Au fil des décennies, de plus en plus de coton transite par la Nouvelle-Orléans vers les ports du monde entier. Cela amène à son tour beaucoup de richesses et de capitaux à la Nouvelle-Orléans, ainsi que des gens qui veulent investir dans les industries du coton et du sucre. Et bien sûr, il y a aussi l'industrie de l'esclavage. Avec l'interdiction de la traite transatlantique, la Nouvelle-Orléans devient le plus grand marché d'esclaves des États-Unis et le centre exclusif du commerce intérieur d'esclaves.
MH : En tant que plaque tournante du commerce mondial, la ville devient également un centre de maladies et de propagation des maladies. Nous considérons traditionnellement les vagues de maladies comme des problèmes publics auxquels il faut faire face, ou du moins c'était le cas auparavant. Mais vous décrivez une situation à la Nouvelle-Orléans où la fièvre jaune devient non seulement endémique d'un point de vue épidémiologique, mais aussi d'un point de vue social. Comment cette société se structure-t-elle autour de la maladie ?

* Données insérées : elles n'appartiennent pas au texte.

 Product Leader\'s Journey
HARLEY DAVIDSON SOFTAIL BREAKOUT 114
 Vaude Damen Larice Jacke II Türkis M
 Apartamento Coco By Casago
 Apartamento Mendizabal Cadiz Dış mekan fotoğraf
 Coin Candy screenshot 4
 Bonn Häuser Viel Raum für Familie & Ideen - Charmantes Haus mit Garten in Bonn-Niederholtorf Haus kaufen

KO : La fièvre jaune a radicalement transformé la vie de millions d'Américain·es avant le XXe siècle. La maladie a besoin de trois éléments : un climat chaud et humide, une population importante de moustiques femelles Ae. aegypti et une grande population de personnes non immunisées vivant à proximité les unes des autres. À la Nouvelle-Orléans, à cette époque, des épidémies apparaissent tous les deux ou trois ans en été.
Après l'achat de la Louisiane, des milliers de personnes affluent dans la région parce qu'elles veulent participer à la révolution des matières premières, ou parce qu'elles veulent un de ces bons emplois gouvernementaux qu'elles considèrent comme un tremplin vers la propriété d'esclaves et de terres. Et plus les gens arrivent, plus les bateaux arrivent aussi, transportant ces moustiques en provenance des Caraïbes.

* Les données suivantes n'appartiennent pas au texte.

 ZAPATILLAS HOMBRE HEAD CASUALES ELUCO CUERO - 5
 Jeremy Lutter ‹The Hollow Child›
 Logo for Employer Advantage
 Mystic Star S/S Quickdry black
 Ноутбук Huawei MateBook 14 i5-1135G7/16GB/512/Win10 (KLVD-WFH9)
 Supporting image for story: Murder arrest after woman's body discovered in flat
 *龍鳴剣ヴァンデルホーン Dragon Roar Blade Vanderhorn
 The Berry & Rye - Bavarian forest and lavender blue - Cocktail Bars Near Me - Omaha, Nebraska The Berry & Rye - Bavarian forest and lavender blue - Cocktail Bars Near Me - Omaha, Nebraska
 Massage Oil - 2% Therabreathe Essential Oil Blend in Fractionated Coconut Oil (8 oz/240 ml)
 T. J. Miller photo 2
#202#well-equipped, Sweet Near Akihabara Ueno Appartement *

Dans les années 1810, les épidémies étaient si fréquentes qu'elles ont façonné le calendrier de la ville. Les épidémies se produisaient généralement de juin ou juillet à novembre, lorsque les premières gelées tueuses de moustiques arrivaient. Cela représente trois ou quatre mois de fièvre, ce qui a évidemment eu un impact sur la vie des gens à ce moment-là, mais aussi tout au long de l'année. Elle a fortement influencé le calendrier du marché du coton. En janvier, les industries du coton, du sucre et de l'esclavage étaient en pleine effervescence, mais un jour, fin juin ou début juillet, un cas de fièvre jaune était signalé ou faisait l'objet d'une rumeur, et il finissait par y avoir un point de basculement, lorsqu'un nombre suffisant de cas étaient signalés, et toute la vie de la ville s'en trouvait bouleversée.

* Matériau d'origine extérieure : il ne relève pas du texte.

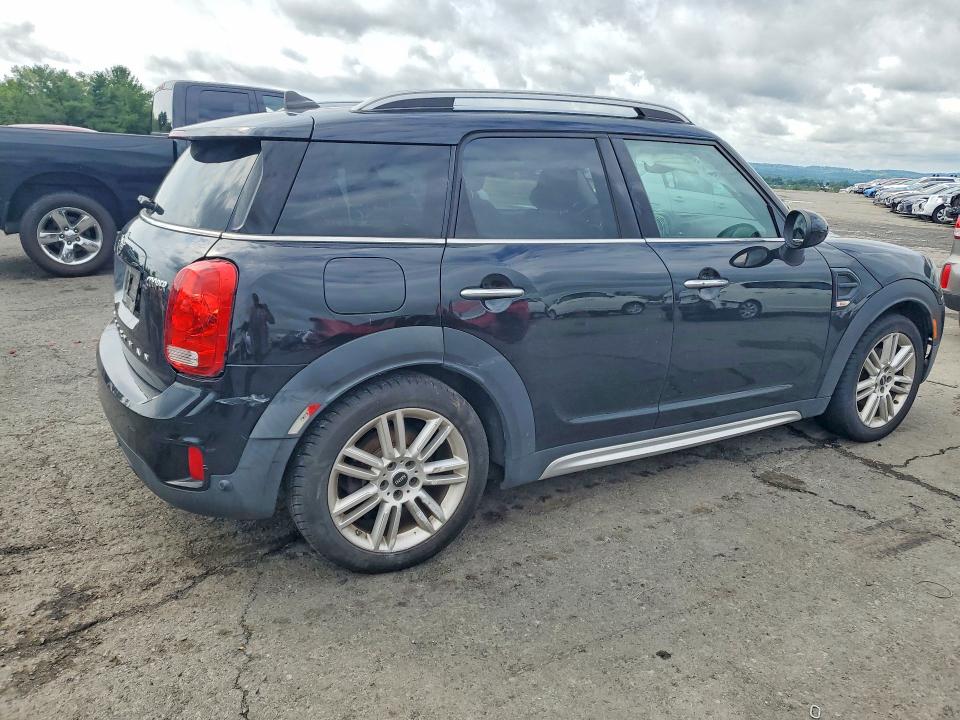 Photo 3 from auction – 2018 MINI COOPER with VIN WMZYS7C39J3F44446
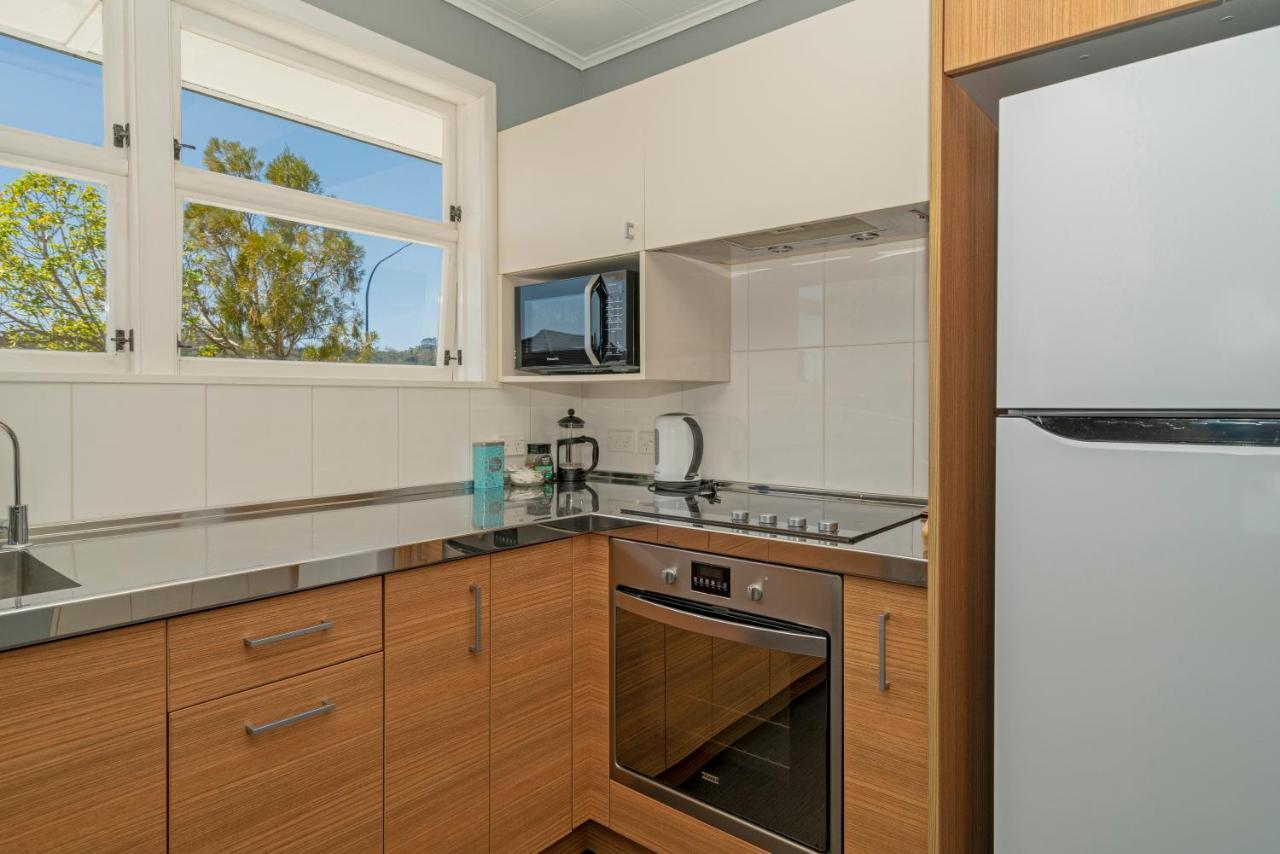 Roof Tops Apartment Whitianga Bagian luar foto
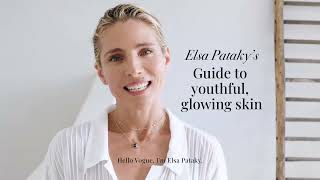 Elsa Pataky says Elsa Pataky [upl. by Johathan68]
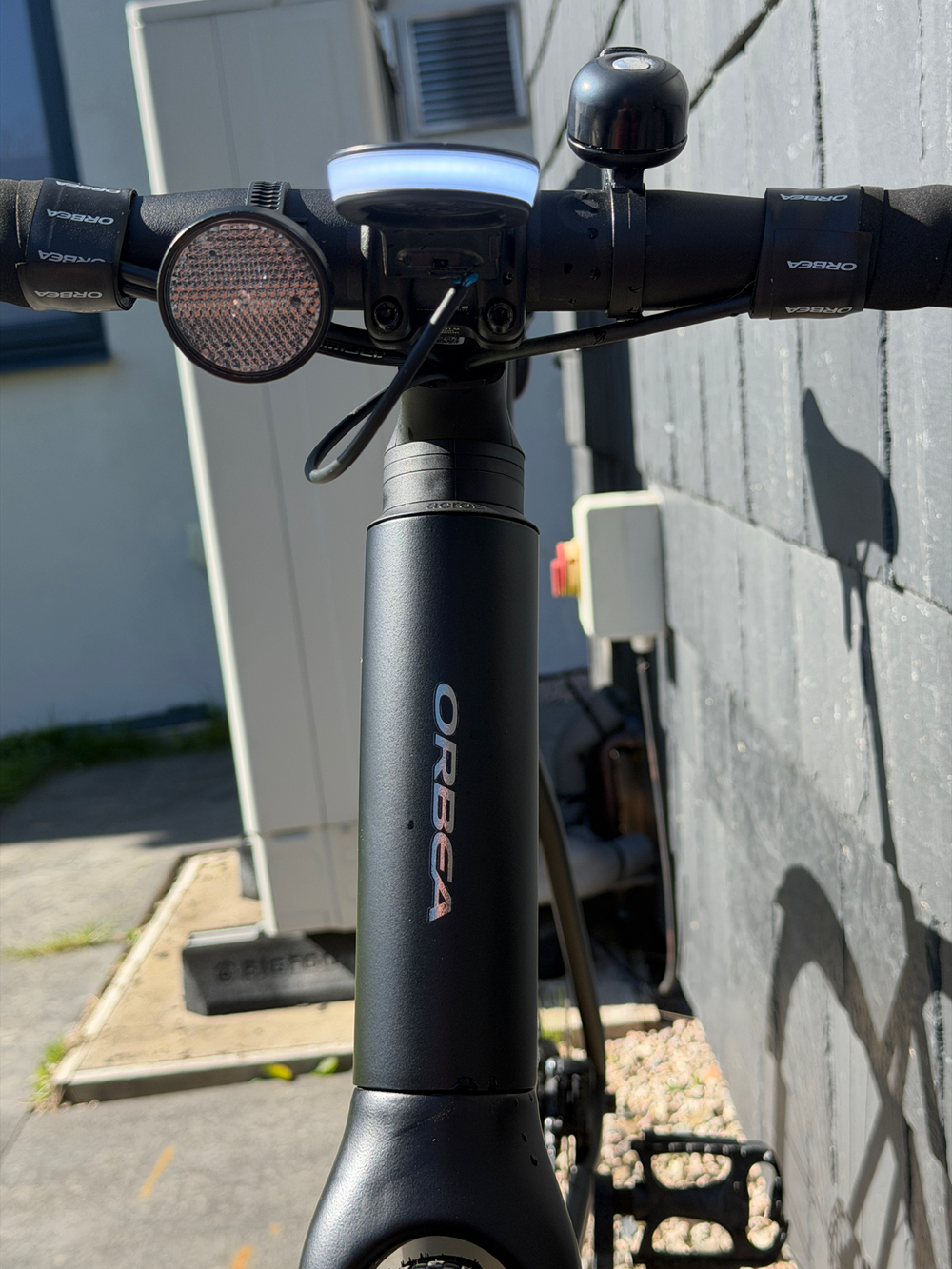 Orbea Gain D30 1x 2022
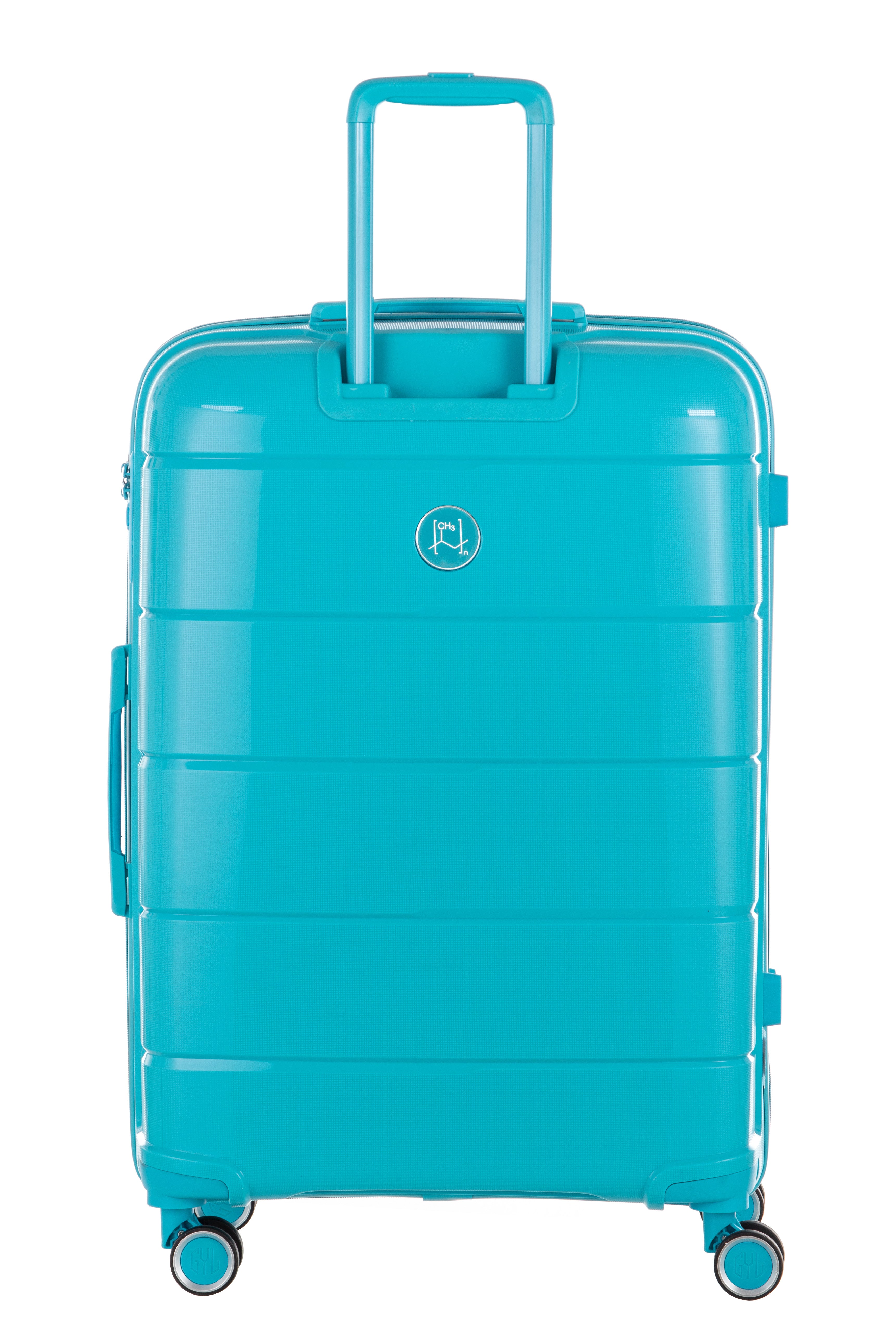 GRANDE VALISE MINT CH3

Les personnes riches et blanches, dont beaucoup possédaient des esclaves et des plantations à la campagne, pouvaient partir. Vous montiez dans une calèche avec votre famille, ou peut-être avec des esclaves qui vous appartenaient, et vous vous rendiez dans votre plantation de campagne. Ou bien vous alliez dans le nord, vous alliez au théâtre et vous faisiez des affaires à New York. Certain·es allaient à Londres ou à Paris pour y faire leurs tournées d'été. Mais cela ne concerne que les personnes les plus riches, et beaucoup n'ont pas d'autre choix que de rester en ville pendant les épidémies parce qu'iels n'ont pas les moyens financiers ou la liberté de partir. Et si vous restiez en ville, la vie était misérable. Vous passiez trois mois à craindre de mourir. On s'efforçait de continuer à travailler sous peine d'être licencié·e, d'abandonner son poste dans l'épicerie, chez le grossiste ou dans la maison du commerçant. Si vous tombiez malade, vous dépensiez tout l'argent que vous aviez au monde, et même un peu plus, en médecins et en infirmières pour essayer de vous faire passer le cap de l'acclimatation en toute sécurité. Si vous survivez, vous serez connu·e comme citoyen·ne acclimaté·e ; si vous mourez, vous serez un·e pauvre et malheureu·se étranger·e non acclimaté·e. Au XIXe siècle, vous aviez environ 50 % de chances de survivre ou de mourir de cette maladie.
Et puis, quand le gel arrive, comme tant de gens le décrivent dans leurs lettres et journaux intimes, la Nouvelle-Orléans reprend du poil de la bête du jour au lendemain. Soudain, les rues se remplissent de monde, les magasins rouvrent, les écoles aussi. Si vous avez vécu cela pendant de nombreuses années, vous vous êtes habitué·e à cette sorte de danse macabre, à ce schéma semestriel qui dicte le rythme mais aussi les émotions de votre vie.
MH : Cela me rappelle quelque chose. J'ai été frappé par le fait que l'économie de la Nouvelle-Orléans ressemblait davantage aux plantations sucrières esclavagistes des Caraïbes qu'aux plantations de production d'esclaves du Haut-Sud.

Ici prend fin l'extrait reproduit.